* _Data_
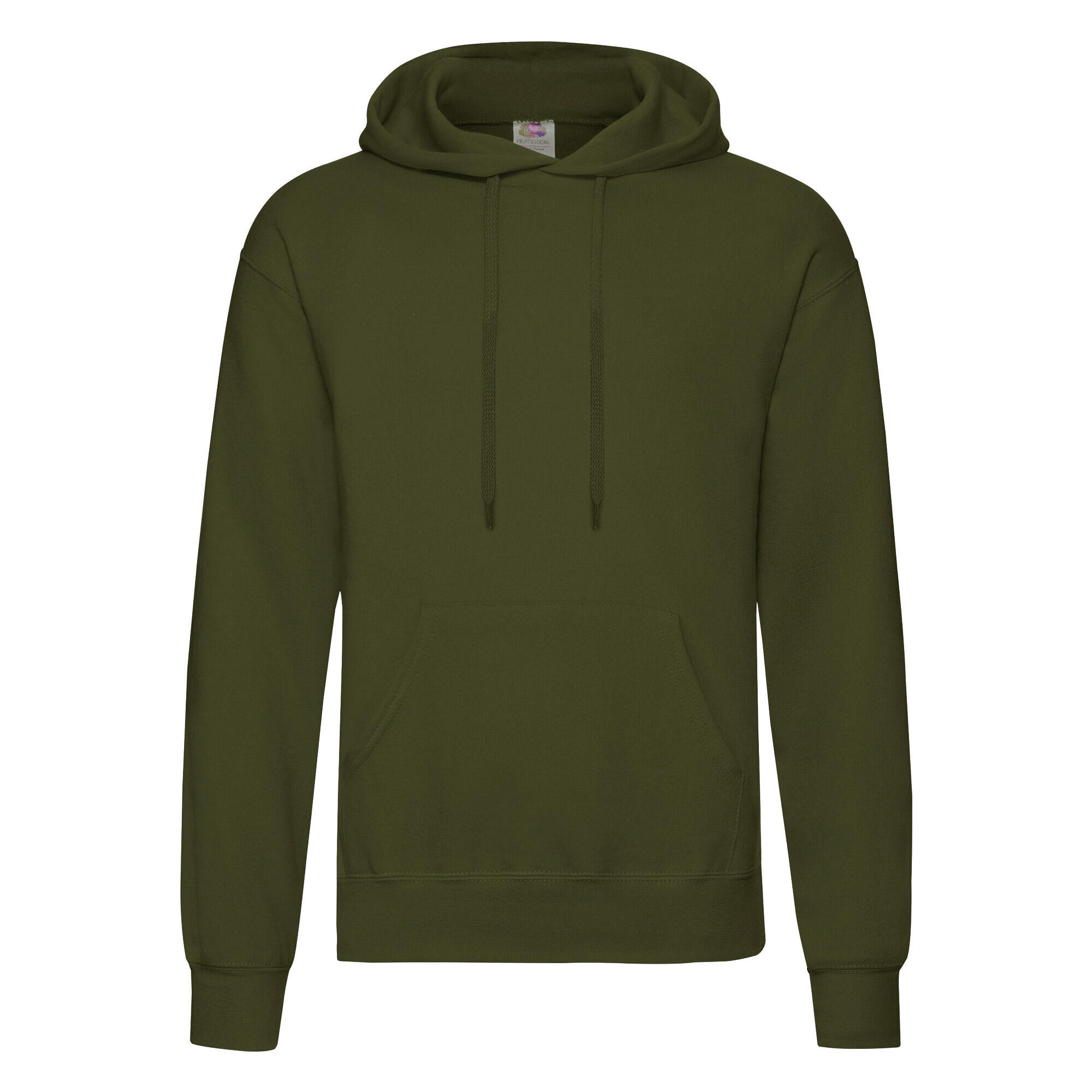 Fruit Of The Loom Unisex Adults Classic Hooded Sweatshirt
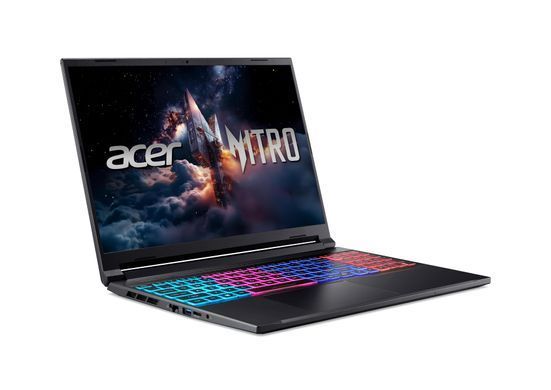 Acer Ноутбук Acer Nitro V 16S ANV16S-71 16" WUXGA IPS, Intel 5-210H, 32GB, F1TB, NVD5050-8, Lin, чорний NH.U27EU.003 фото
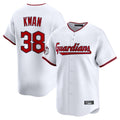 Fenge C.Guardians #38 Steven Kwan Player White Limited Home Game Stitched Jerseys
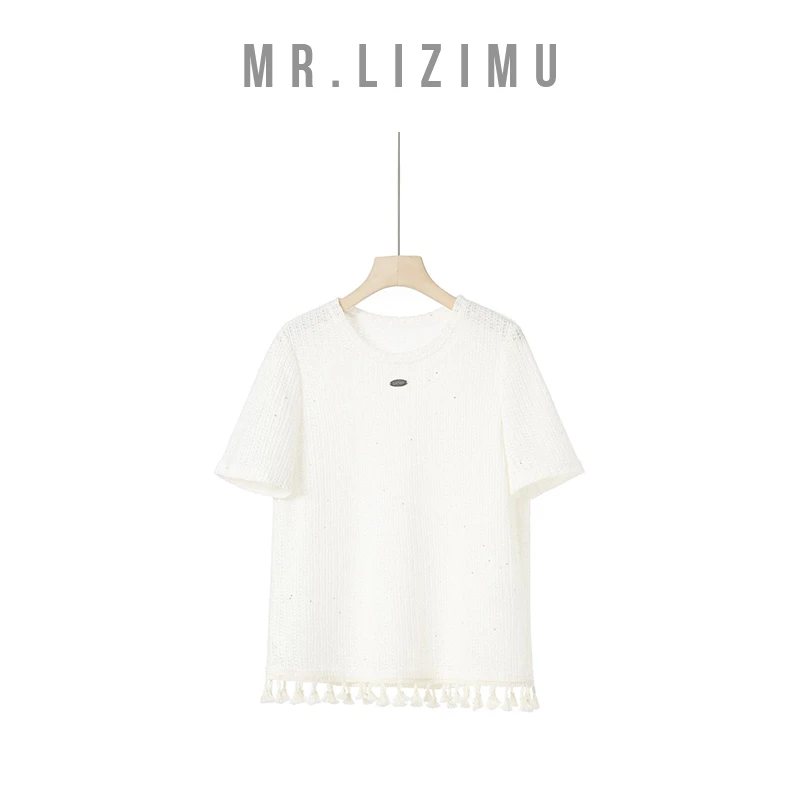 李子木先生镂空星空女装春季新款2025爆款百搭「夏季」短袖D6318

* _Work to complete_
Restrict the output to the lines from the one with "Fenge C.Guardians #38" through the last line of the material above. Print them exactly, leaving out every picture.

* _Exercise result_
 Fenge C.Guardians #38 Steven Kwan Player White Limited Home Game Stitched Jerseys
 李子木先生镂空星空女装春季新款2025爆款百搭「夏季」短袖D6318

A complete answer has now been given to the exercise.